The Expectations Index—based on consumers’ short-term outlook for income, business, and labor market conditions—fell 2.6 points to 83.9, but remained above the threshold of 80 that usually signals a recession ahead.
The cutoff date for preliminary results was January 20, 2025.
The Consumer Price Index (CPI, otherwise known as our “inflation” friend) is currently at 2.9% as of December 2024, up from 2.7% in November 2024. CPI tracks the rate of change in US inflation over time and the following shows the trends over the past 20 years.

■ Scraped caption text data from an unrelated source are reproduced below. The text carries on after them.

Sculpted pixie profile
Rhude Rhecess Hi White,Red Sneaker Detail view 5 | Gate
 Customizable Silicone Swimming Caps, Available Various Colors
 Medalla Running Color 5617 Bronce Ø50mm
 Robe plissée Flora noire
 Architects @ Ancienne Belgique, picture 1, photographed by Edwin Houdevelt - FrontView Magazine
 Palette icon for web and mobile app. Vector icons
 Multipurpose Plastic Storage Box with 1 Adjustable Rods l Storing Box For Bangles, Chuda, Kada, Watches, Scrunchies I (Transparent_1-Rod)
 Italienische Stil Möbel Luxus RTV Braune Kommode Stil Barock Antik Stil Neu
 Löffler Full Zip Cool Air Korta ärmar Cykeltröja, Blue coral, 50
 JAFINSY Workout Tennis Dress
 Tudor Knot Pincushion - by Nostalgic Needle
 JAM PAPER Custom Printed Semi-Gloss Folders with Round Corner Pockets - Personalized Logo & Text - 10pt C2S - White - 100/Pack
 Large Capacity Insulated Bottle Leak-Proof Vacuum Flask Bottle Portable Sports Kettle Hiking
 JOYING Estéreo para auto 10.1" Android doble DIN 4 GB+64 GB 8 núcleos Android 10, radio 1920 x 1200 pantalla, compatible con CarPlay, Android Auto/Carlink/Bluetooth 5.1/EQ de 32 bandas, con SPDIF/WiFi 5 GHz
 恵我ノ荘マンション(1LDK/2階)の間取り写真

WTI Crude Oil is heading for a third consecutive weekly decline after President Trump reaffirmed plans to boost US oil production to lower crude prices. His pledge came amid concerns over an elevated supply, following a sharper-than-expected rise in US oil stockpiles—the largest build in nearly a year. Limiting further losses, the US ramped up sanctions on Iran early in the week, potentially restricting its oil flows. At the same time, Saudi Aramco sharply raised March crude prices, driven by rising demand from China and India, along with supply disruptions from Russia. Meanwhile, US-China trade tensions persisted as Beijing imposed tariffs on American oil, LNG, and coal in response to Trump’s recent measures, though the impact is expected to be limited given China’s modest imports of US energy products.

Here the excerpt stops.